The more I'm reading in to it I've discovered a few things -

  1. those areas were never designated as car parking spaces or parking bays in the title deeds. They are classified as part of the road.
  2. as there is nothing to suggest one cannot park there, such as double yellows/loading bay signs/ zig zags etc then you can park there are part of the road.
  3. there is not one sign saying residents only nor do we pay any additional money for this, there is no mention of house owners having any parking rights apart from their driveway.
  4. anyone can park there car there.
OP posts:
sailorcherries · 05/10/2019 09:00

"oyster" read further updates. They aren't any designated bays for visitors, indeed they aren't even classes as visitor bays in the deeds but fall under the general access road. The only bays that differ are those belonging to the flats.

So as I said before visitors park there, tradesmen, post office staff, dog walkers, those using the play park etc and they are all legally entitled to do so.

OP posts:
FrancisCrawford · 05/10/2019 09:07

This reply has been deleted

Message withdrawn at poster's request.

sailorcherries · 05/10/2019 09:12

Francis I was looking at the cadastral map. Those spaces, although used for parking, are not actually parking spaces.
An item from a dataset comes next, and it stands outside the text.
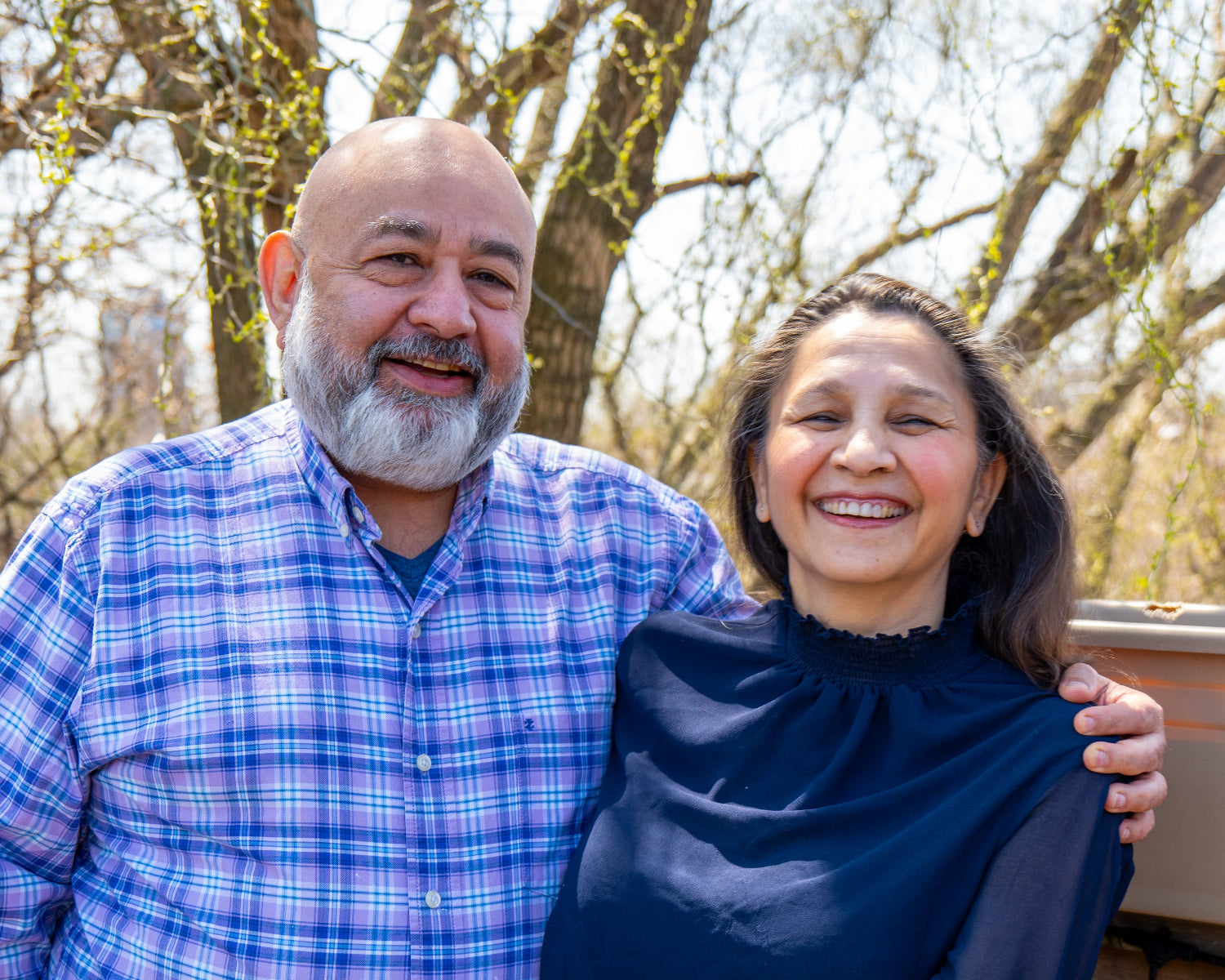 A smiling Indian couple on a sunny day. The man is bald with a white-grey beard, and is wearing a blue and purple plaid shirt with the top button undone to show a blue V-neck T-shirt underneath. The woman is wearing a navy blue blouse with sheer sleeves and a ruffled collar.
As I had previously said they are not even parking bays. They could look like passing places or any other area of road. It is a long rectangular stretch of brick with grass at either end. There are no parking signs, no parking markings, no indication that it is actually a parking bay (no white lines to separate from the road itself). People just use it for parking. So again, they are not parking spaces and they are not owned. They are a bit of the road.

But thank you for being patronising.

OP posts:
tweedledeedo · 05/10/2019 09:16

The spaces are owned by someone, most likely the residents.

When your neighbour initially challenged your cousin she didn't know who she was. It was reasonable for her to assume that this was a commuter and would be a daily occurrence. Even though that commuter would be legally parked the space is intended for visitor parking for the estate, not the station. She did the right thing to try and nip it in the bud.

You are wrong about the bins. She wouldn't be "liable" for anything should her bin fly into your car in wind. YABU to think that you going onto her drive to put your baby in the car is any different to her going onto your drive with the bins.